Area = 11 x 4 / 2 = 22

http://imageshack-france.com/out.php...2_Triangle.JPG
• Dec 15th 2008, 11:40 AM
lee1001
Ok, it took me a little while to see how you did that calculation but the formula is exactly the same as:

Ax(By - Cy) + Bx(Cy - Ay) + Cx(Ay - By) /2

By inputting the vertices co-ordinates I get the same answer.

Thanks!

The next part of the problem asks me to find the co-ordinates of the vertices of a triangle with half the area of the one just found.

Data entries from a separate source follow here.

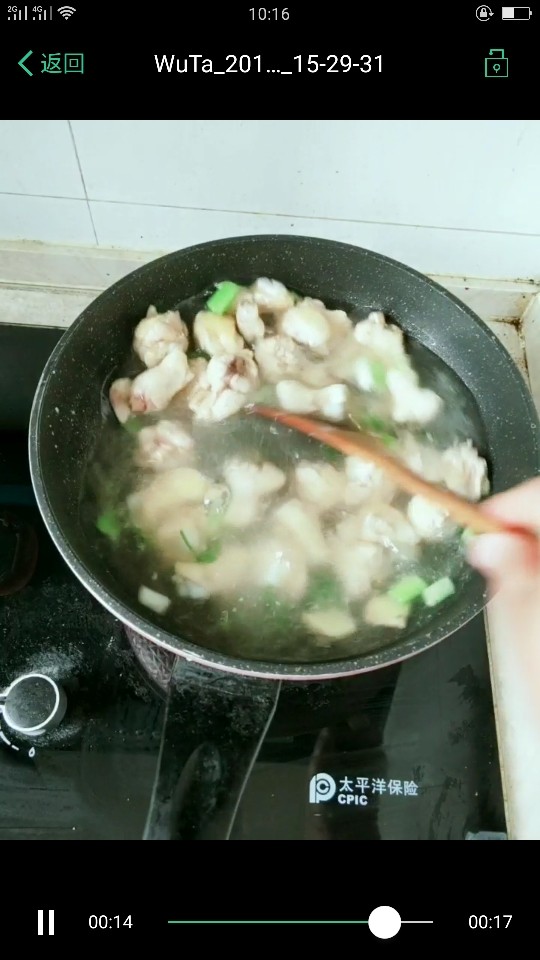 咖喱鸡肉饭,加入热水，和鸡腿平就行！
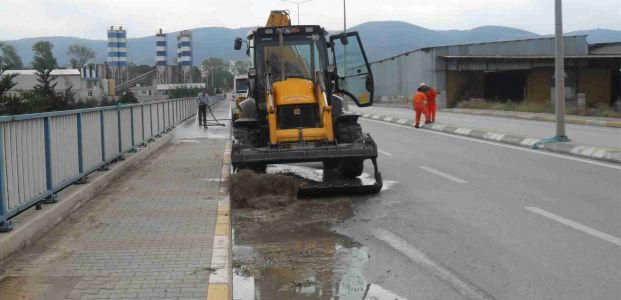 Körfez Belediyesi Ekipleri 7/24 Çalışıyor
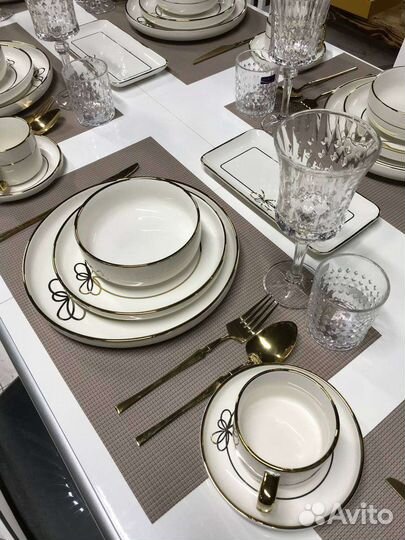 Набор столовой посуды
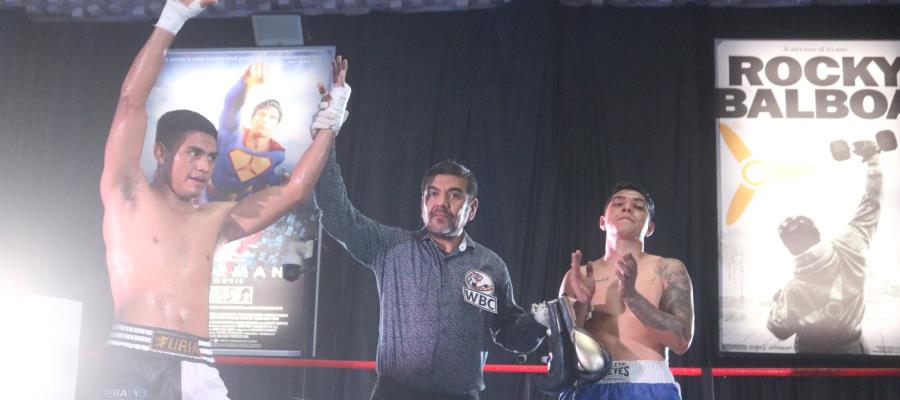 Jesús "Furia" Gómez noquea al veracruzano Héctor Rivera en función de box de Hangar Gym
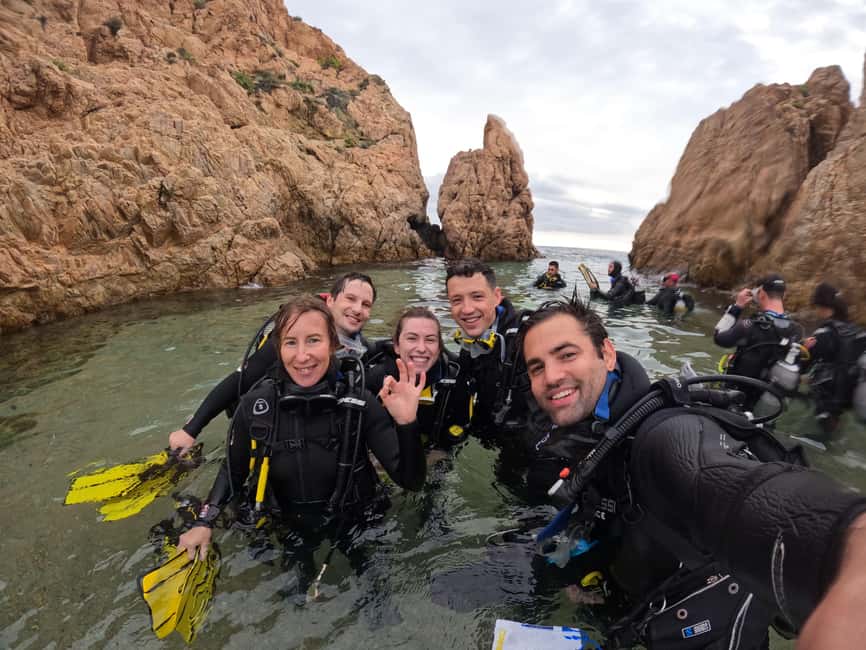 Tossa de Mar: PADI Discovery Scuba Diving in Costa Brava - The 40-minute lesson at SuperDive Tossa de Mar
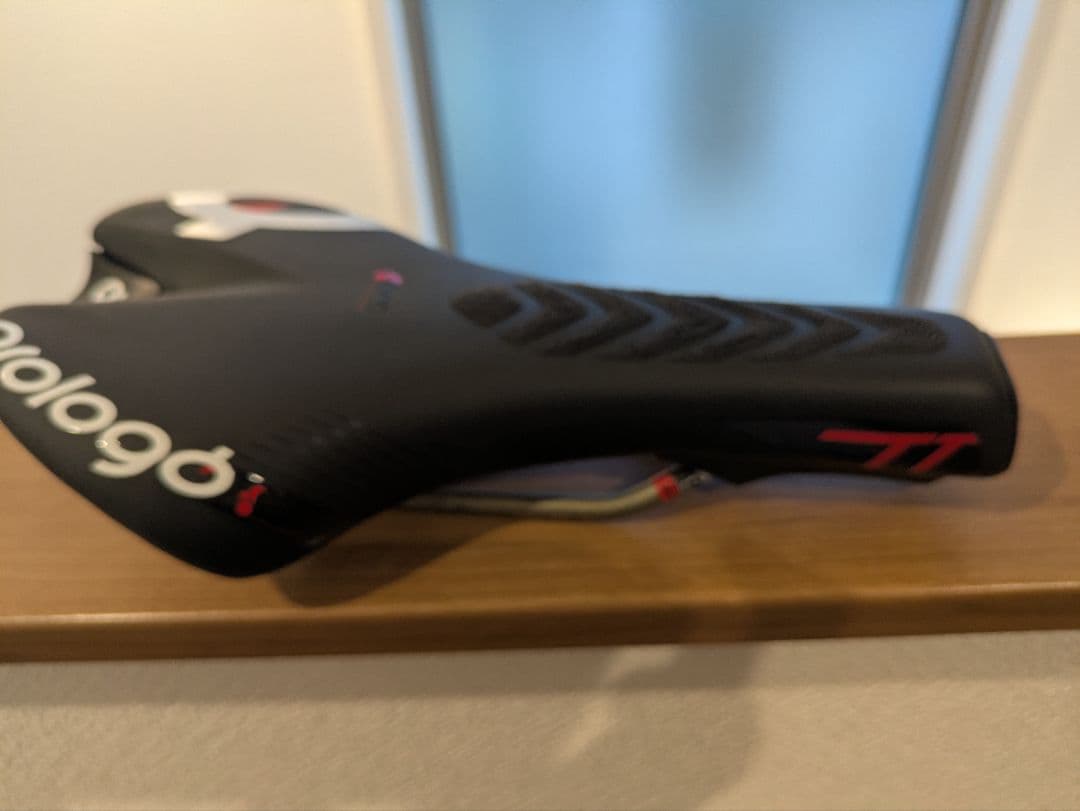 Selle Italia SLR ブラック サドル
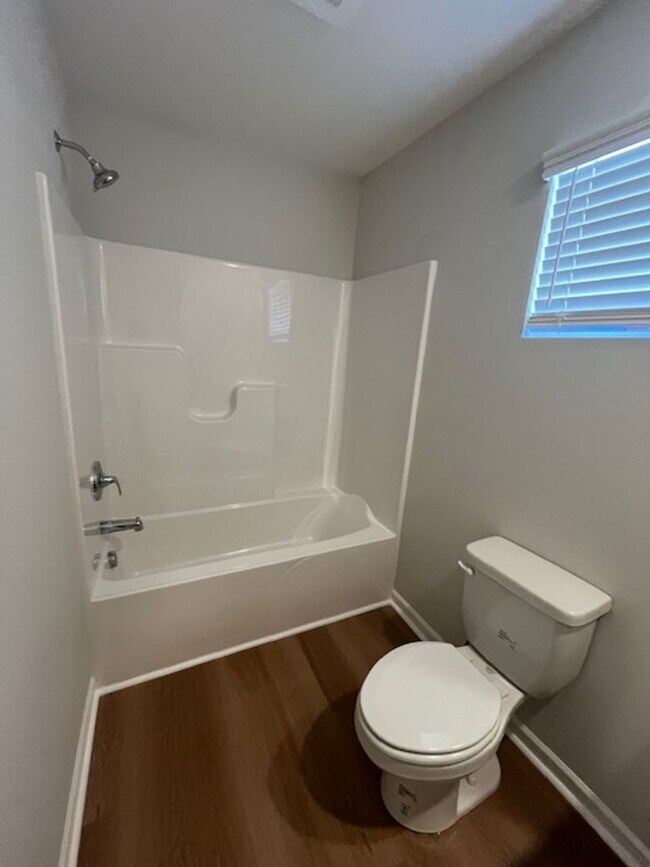 Building Photo - Cozy New-Build in Leland!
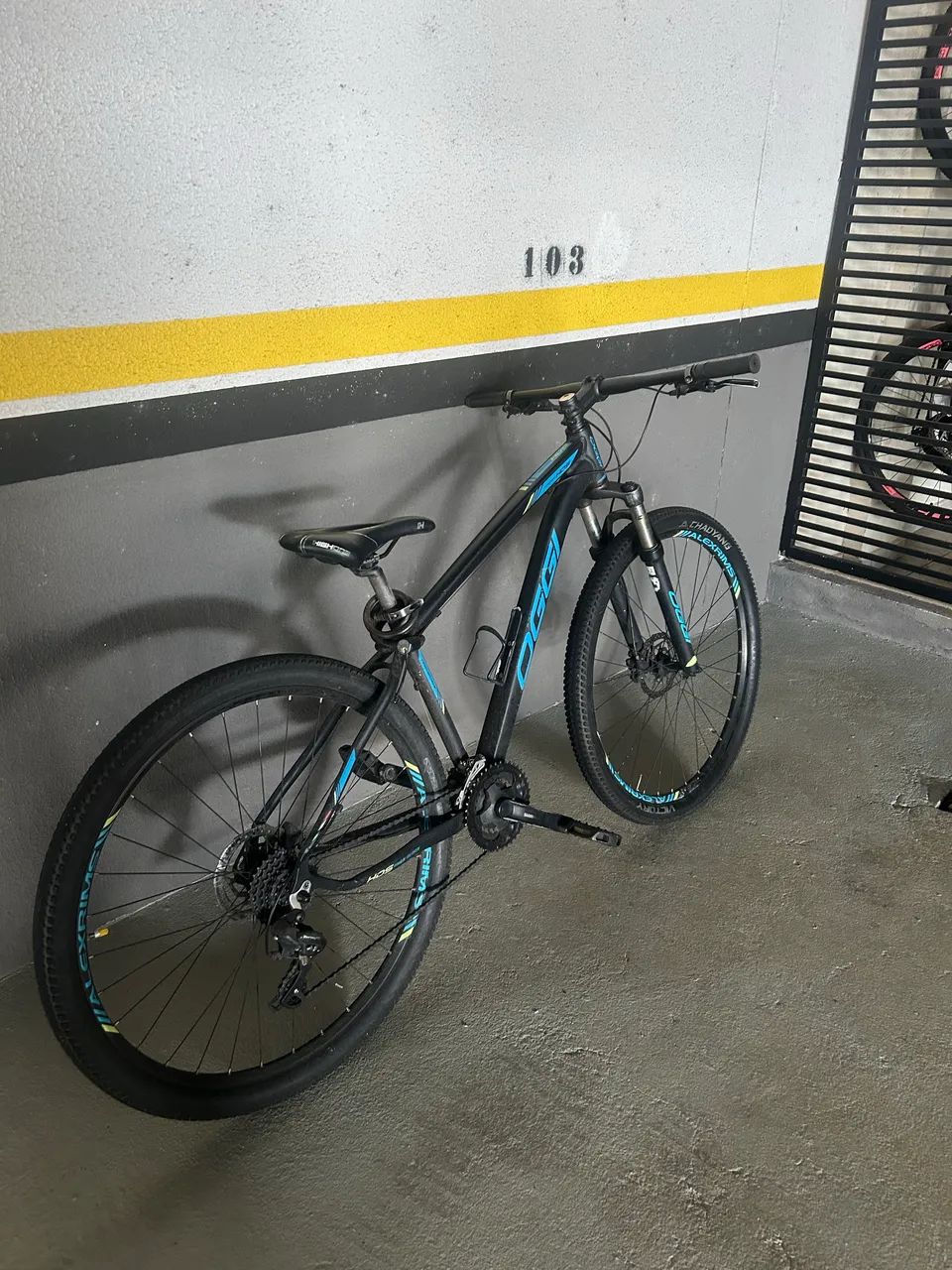 BICICLETA OGGI HACKER HDS ARO 29 FREIO SHIMANO - Foto 2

Obviously the area of this new triangle will be 11, multiplied by 2 giving 22. How do i begin to deconstruct the formula to find the vertices?
• Dec 15th 2008, 11:45 AM
running-gag
If you have no other constraint, you can use for instance C'(1,2)
In this case the triangle ABC' has an area equal to 11 because
AB = 11 and C'H = 2 therefore area(ABC') = 11 x 2 / 2 = 11
• Dec 18th 2008, 07:11 AM
lee1001
Quote:

Originally Posted by running-gag
If you have no other constraint, you can use for instance C'(1,2)
In this case the triangle ABC' has an area equal to 11 because
AB = 11 and C'H = 2 therefore area(ABC') = 11 x 2 / 2 = 11

I don't understand.

How does that allow me to calculate the vertices?